La Composizione Negoziata e la Tutela dei Soci
La composizione negoziata si conferma uno strumento dinamico per la salvaguardia della continuità aziendale. Una recente ordinanza del Tribunale di Roma ha affrontato un tema spinoso: è possibile proteggere i beni dei soci garanti dalle azioni dei creditori mentre la società cerca di risanarsi? La risposta del Giudice delinea un confine netto tra i diritti individuali dei soci e l’interesse superiore del piano di risanamento.
Il caso: pignoramento delle quote e rischio governance
In una situazione di crisi aziendale, una società aveva avviato il percorso di composizione negoziata. Parallelamente, un importante creditore aveva ottenuto un decreto ingiuntivo contro i soci-fideiussori, minacciando di pignorare le loro quote di partecipazione nella società stessa. Il rischio era evidente: se il creditore avesse acquisito le quote, avrebbe potuto cambiare i vertici aziendali, sabotando di fatto le trattative di risanamento già avviate e approvate dall’esperto facilitatore.
La questione della legittimazione attiva
Il Tribunale ha inizialmente affrontato un problema procedurale. Sia la società che i singoli soci avevano presentato istanza per bloccare le azioni del creditore. Il Giudice ha chiarito che i singoli soci non hanno la facoltà di chiedere misure protettive basate sul Codice della Crisi; tale diritto spetta esclusivamente all’imprenditore che ha intrapreso la composizione negoziata. Pertanto, le richieste presentate direttamente dai soci sono state dichiarate inammissibili.
Effetti della composizione negoziata sul pignoramento
Nonostante l’inammissibilità dell’istanza dei soci, il Tribunale ha accolto la domanda presentata dalla società. Il punto centrale è la protezione del percorso di risanamento. Se il pignoramento delle quote sociali dei garanti può portare a un mutamento dell’assetto proprietario che impedirebbe il buon esito delle trattative, il Giudice ha il dovere di intervenire per preservare lo status quo dominicale e gestorio dell’impresa.
Le motivazioni
Le ragioni del provvedimento risiedono nella stretta correlazione tra la stabilità della compagine sociale e l’efficacia del piano di rilancio. Il Giudice ha rilevato che il pignoramento delle quote, in questo specifico scenario, non era una semplice azione di recupero credito, ma uno strumento che avrebbe permesso al creditore di assumere il controllo della società, eludendo gli effetti protettivi della composizione negoziata. La misura è stata tuttavia limitata alle sole quote sociali, escludendo il resto del patrimonio personale dei soci (come immobili o altri beni), in quanto non è stato dimostrato che la loro aggressione potesse effettivamente ostacolare il risanamento aziendale.
Le conclusioni
Il provvedimento conclude sottolineando che l’estensione delle protezioni ai soci-fideiussori è una misura cautelare atipica, giustificata solo quando funzionale alla prosecuzione delle trattative. La decisione bilancia l’interesse del creditore a soddisfarsi sui beni dei garanti con la necessità pubblica di favorire il superamento della crisi d’impresa, garantendo che la governance non venga alterata durante il delicato periodo di negoziazione assistita.
È possibile proteggere i beni dei soci garanti durante una composizione negoziata?
Sì, il tribunale può estendere le misure protettive ai soci-fideiussori se le azioni dei creditori contro di loro rischiano di pregiudicare l’esito delle trattative di risanamento.

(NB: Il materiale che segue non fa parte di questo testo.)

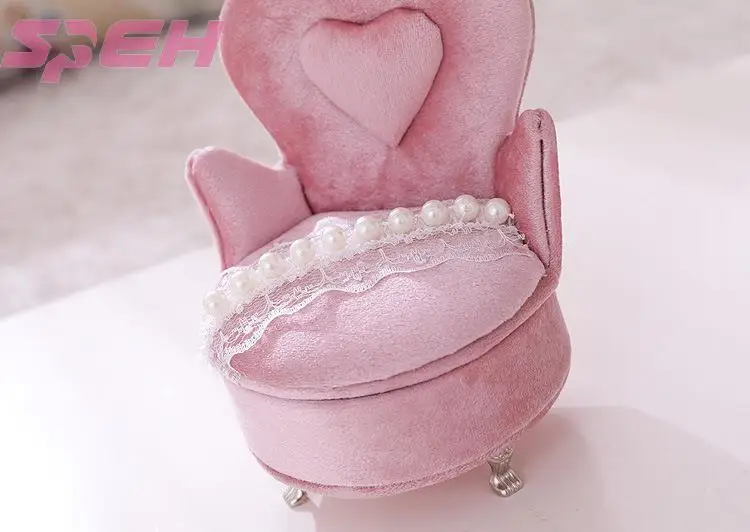 Original design pearl lace single chair pink velvet jewelry box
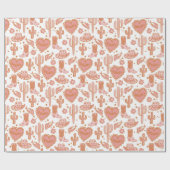 ウエスタンカウボーイブーツハウディ女性のカーボーイピンクバレンタイン ラッピングペーパー (フラット)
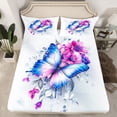 thumbnail image 2 of Castle Fairy Teens Gradient Butterflies Full Size Sheets,Chic Floral Flower Bed Sheets, 2 of 7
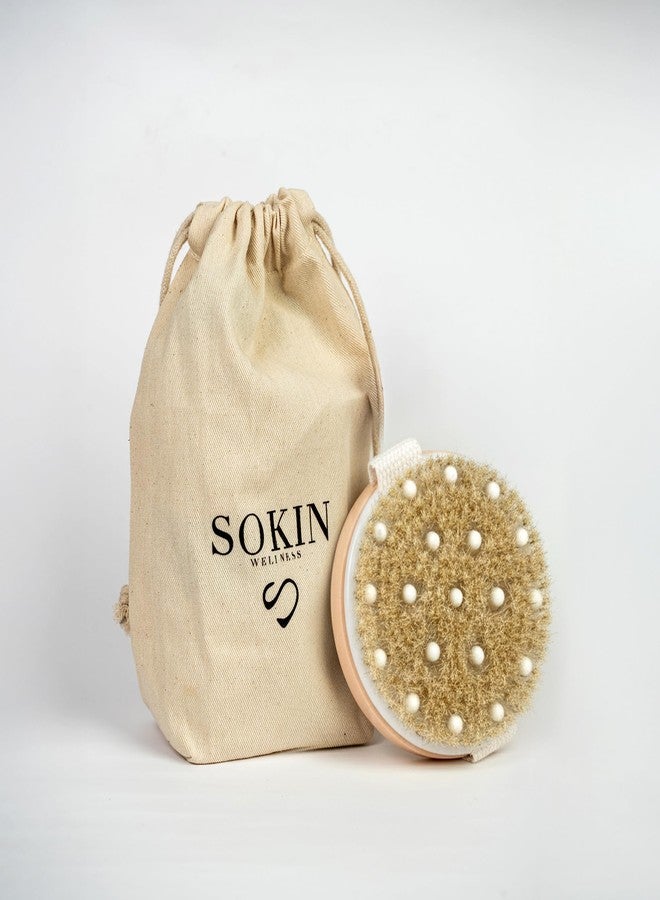SOKIN WELLNESS SOKIN Ayurvedic Dry Body Brush with Natural Bristles | Exfoliating Body Brush for Dry Brushing, Lymphatic Drainage & Dead Skin Removal | Garshana Massage Brush for Smooth, Glowing Skin - Image 1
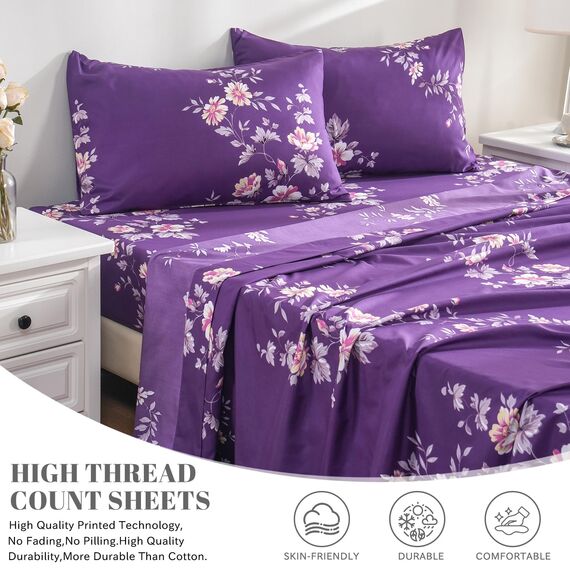 Bedlifes Queen-Bettwäsche-Set, ultraweich, atmungsaktiv, seidige Blumen, Tiefe Taschen, 100% Mikrofaser, 4-teilig, Queen-Size-Größe, Dunkelviolett mit Blumenmuster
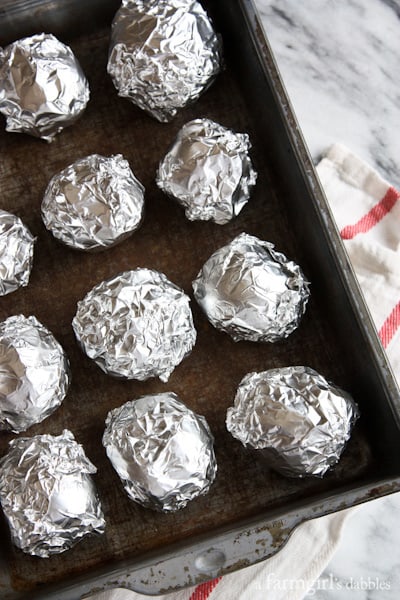 Sloppy Joe Potato Skins individually wrapped in tin foil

Chi è legittimato a richiedere l’estensione delle tutele per i soci della società in crisi?
Solo l’imprenditore o la società che ha avviato la composizione negoziata può richiedere tali misure, mentre l’istanza presentata autonomamente dai soci è considerata inammissibile.
Cosa succede se un creditore tenta di pignorare le quote della società in risanamento?
Il giudice può interdire il pignoramento delle quote sociali se tale azione comporterebbe un cambio di governance in grado di ostacolare il piano di risanamento aziendale.